▸ **Work order**:
Give again, word for word, the lines below that run from the line with "Dining Chairs - Set of 4" through the line with "MEZOPOTAMYA’DA MERSİN RÜZGARI ESTİ". Drop the pictures.

-- Input records follows --

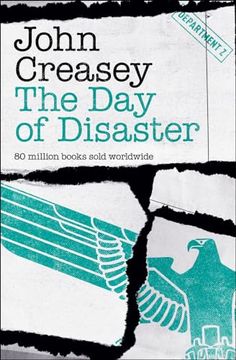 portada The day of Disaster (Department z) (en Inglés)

-- Input records concluded --
-- Input records follows --

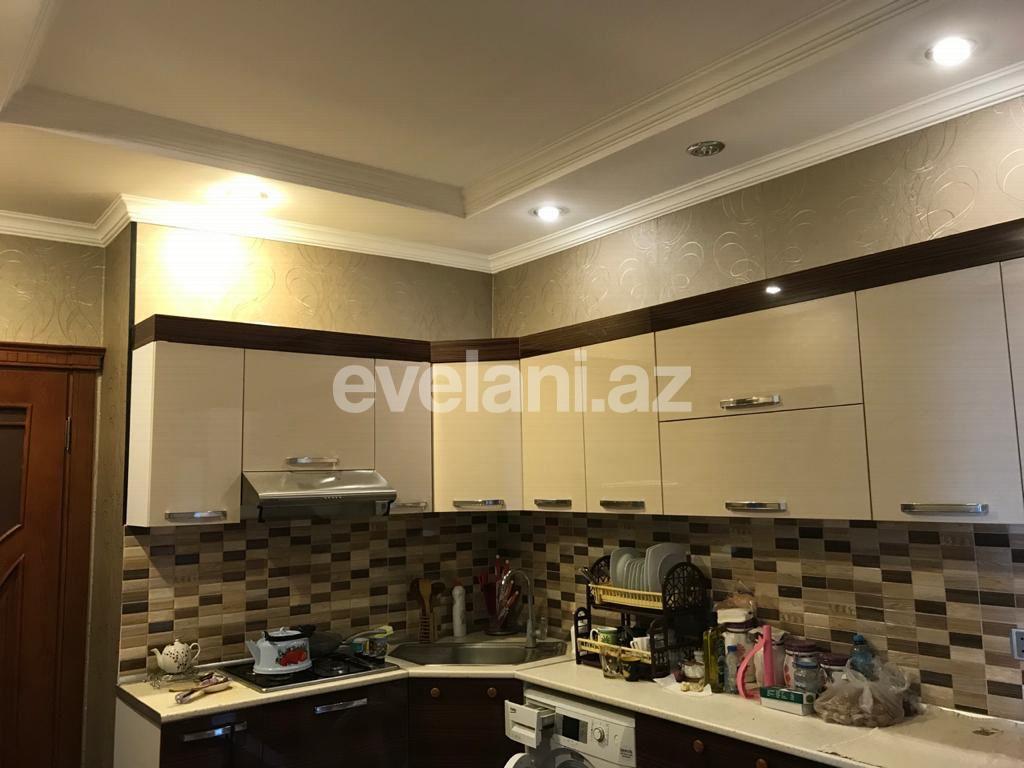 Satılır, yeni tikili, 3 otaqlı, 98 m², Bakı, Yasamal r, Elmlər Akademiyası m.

-- Input records concluded --
-- Input records follows --

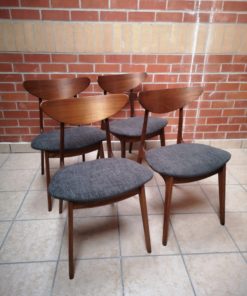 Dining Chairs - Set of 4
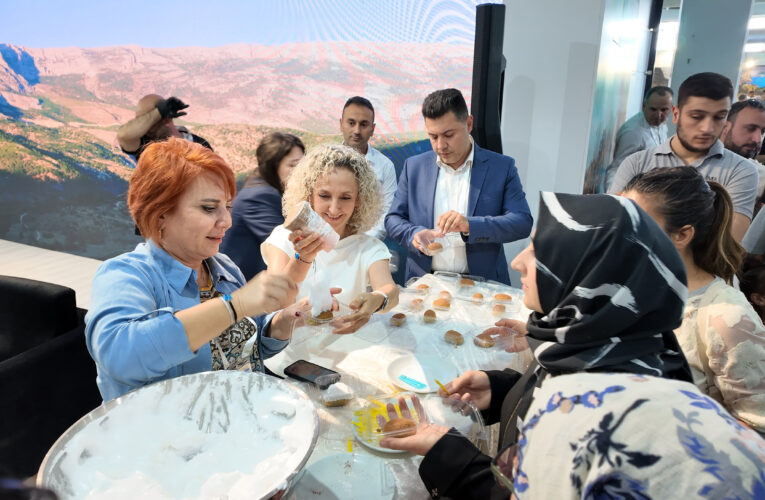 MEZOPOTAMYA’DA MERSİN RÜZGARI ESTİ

-- Input records concluded --

▸ **Your response**:
 Dining Chairs - Set of 4
 MEZOPOTAMYA’DA MERSİN RÜZGARI ESTİ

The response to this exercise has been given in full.